Aim of the exercise :: Return the listing exactly as it appears, but strip out the images.

Supplied material ::
^^^^
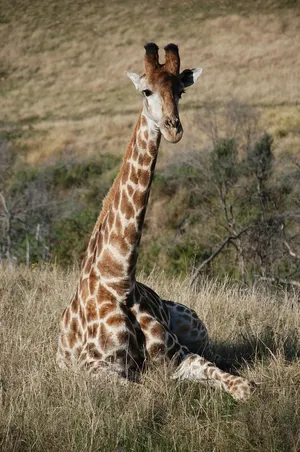 giraffe_drinking._074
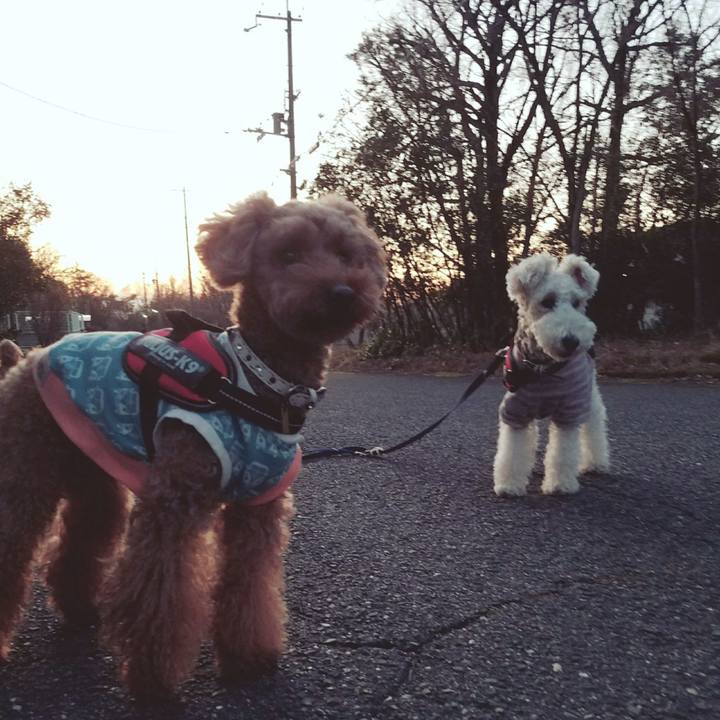 C2ea1e62 c7f0 4f38 9b64 466f7ae81550 1515537585988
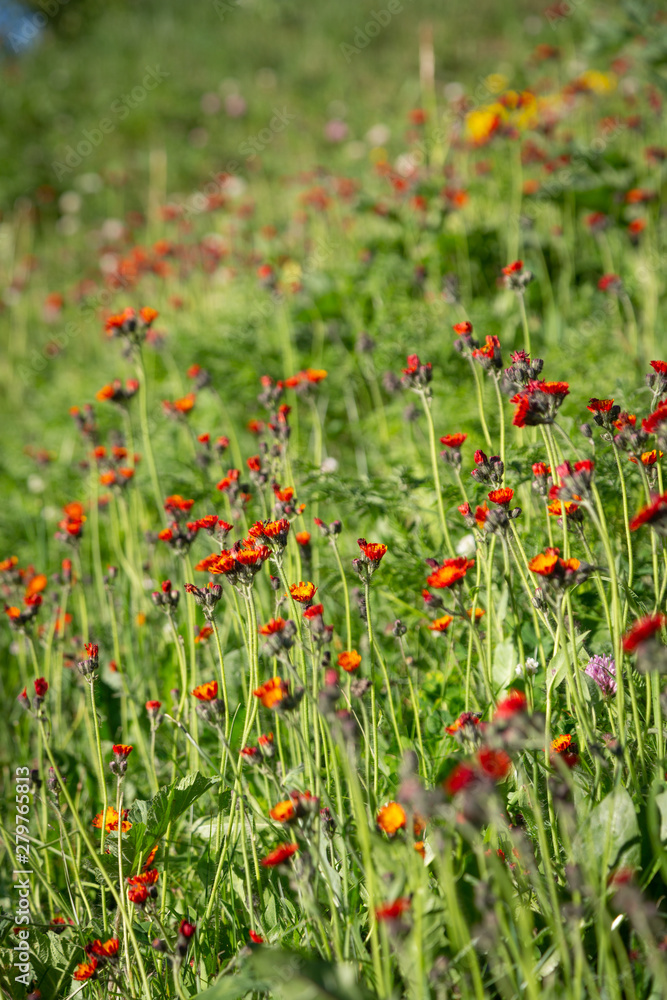 Alpine meadow with nice small flowers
^^^^
Exercise solution ::
 giraffe_drinking._074
 C2ea1e62 c7f0 4f38 9b64 466f7ae81550 1515537585988
 Alpine meadow with nice small flowers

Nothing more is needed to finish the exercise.